Exercise inputs:
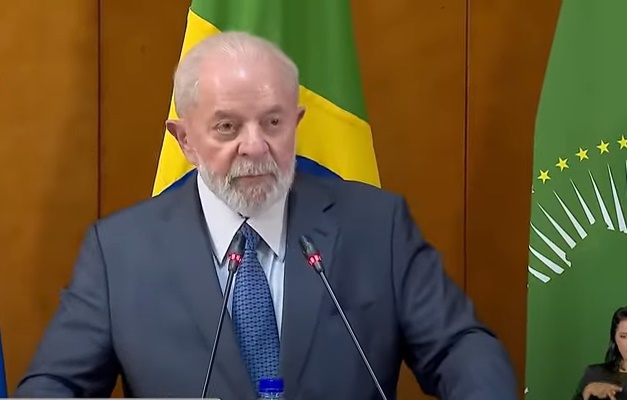 Lula diz que vai esperar conclusão de legistas para falar sobre morte de opositor de Putin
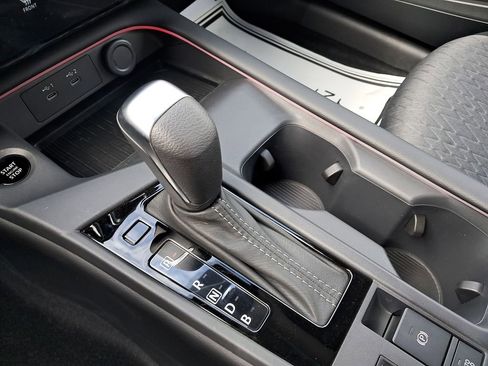 New 2026 Nissan Sentra SV w/ SV Convenience Package FWD image 25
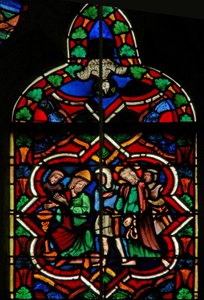 Escena en la ventana E que representa a Pilato lavándose las manos; la Paloma del Espíritu Santo de French School
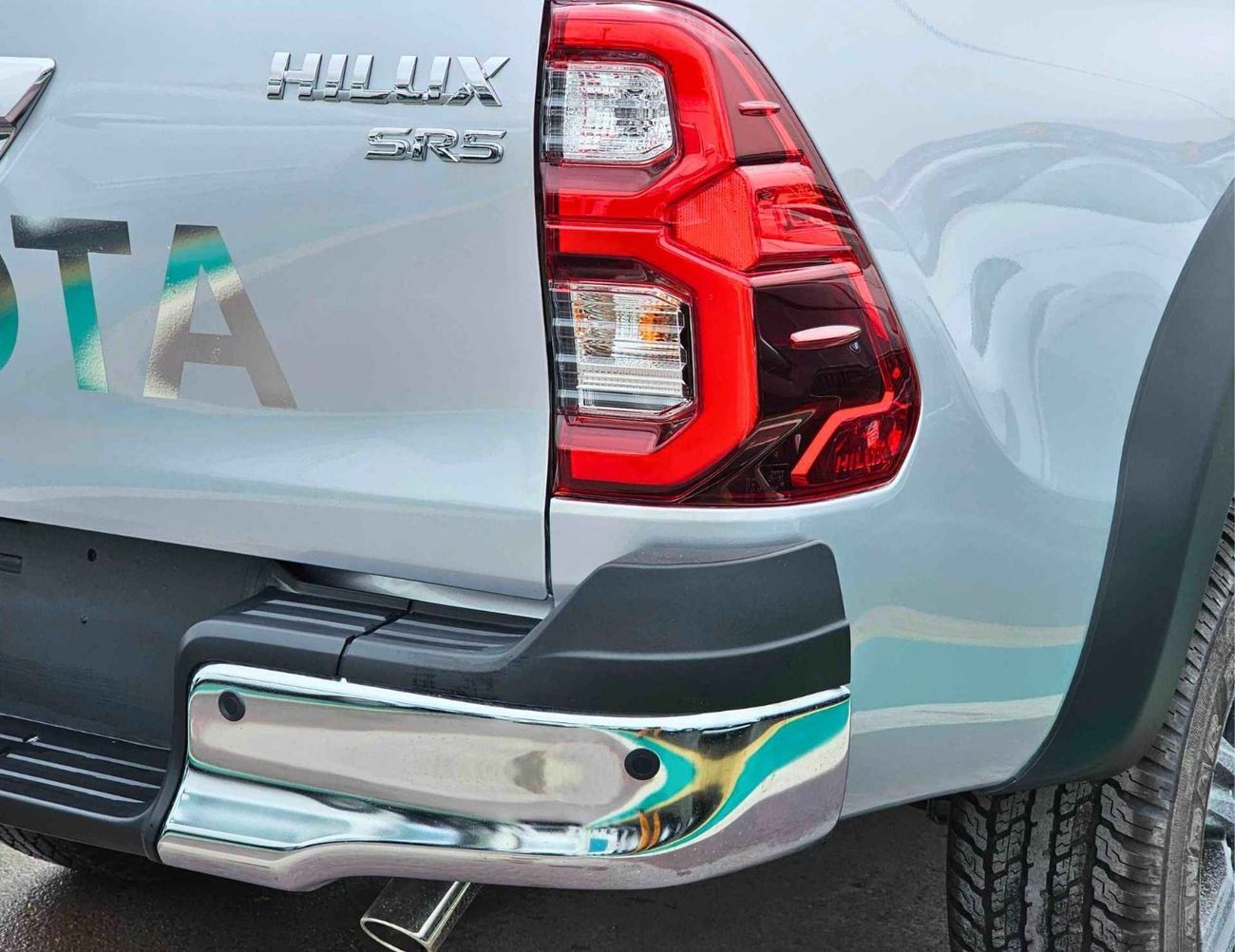 تويوتا هيلوكس SR5 TRD 4.0L PETROL SR5 TRD || 4.0L PETROL V6 4WD | WOOD INTERIOR W VISOR | BLIND SPOT | DIFFLOCK | DVD+CAMERA | READY S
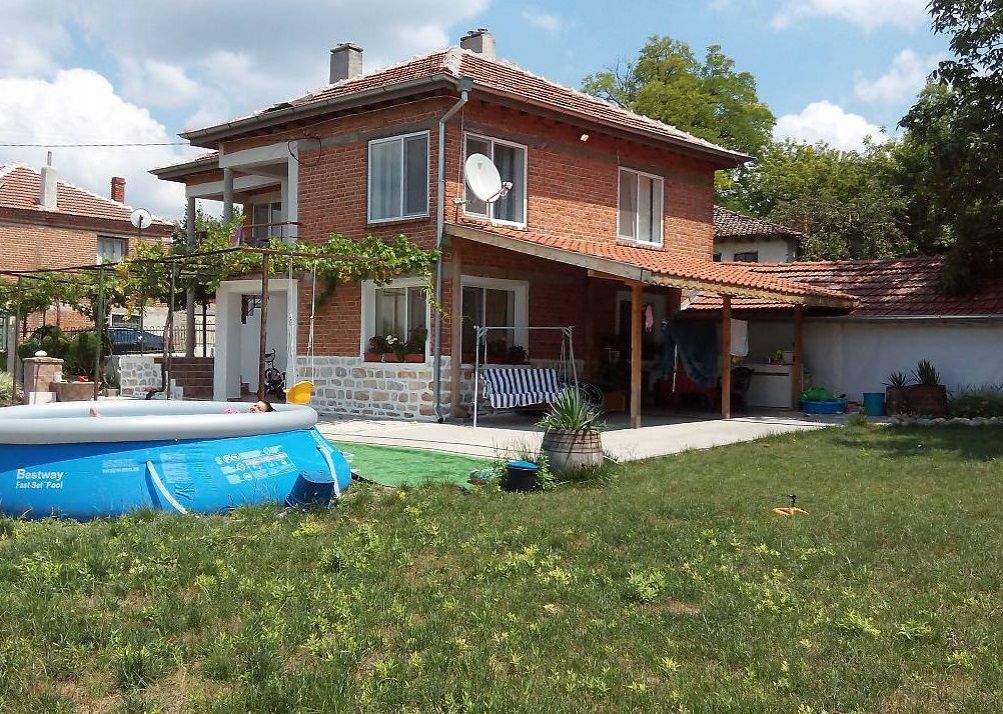 Дом в Ямболе, Болгария, 170 м2 - фото 1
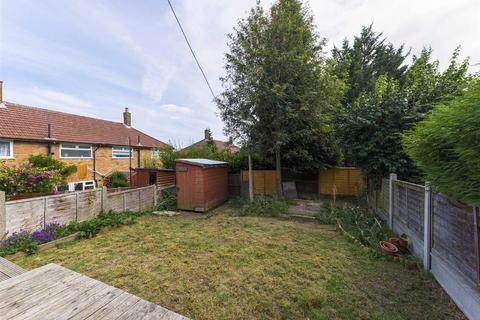 20 Clifton Close, Rochester, ME2 2HG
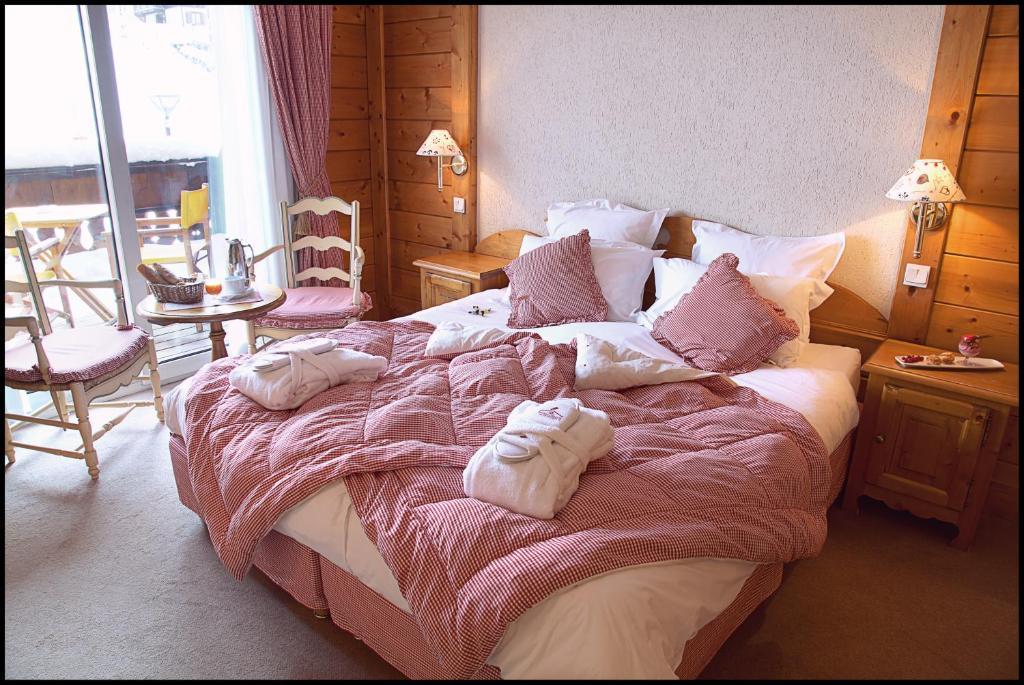 Chalet-Hotel La Marmotte, La Tapiaz & Spa, The Originals Relais Les Gets Rom bilde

Exercise requirements: Restate each entry word for word; pictures stay out of the copy.

Reply:
 Lula diz que vai esperar conclusão de legistas para falar sobre morte de opositor de Putin
 New 2026 Nissan Sentra SV w/ SV Convenience Package FWD image 25
 Escena en la ventana E que representa a Pilato lavándose las manos; la Paloma del Espíritu Santo de French School
 تويوتا هيلوكس SR5 TRD 4.0L PETROL SR5 TRD || 4.0L PETROL V6 4WD | WOOD INTERIOR W VISOR | BLIND SPOT | DIFFLOCK | DVD+CAMERA | READY S
 Дом в Ямболе, Болгария, 170 м2 - фото 1
 20 Clifton Close, Rochester, ME2 2HG
 Chalet-Hotel La Marmotte, La Tapiaz & Spa, The Originals Relais Les Gets Rom bilde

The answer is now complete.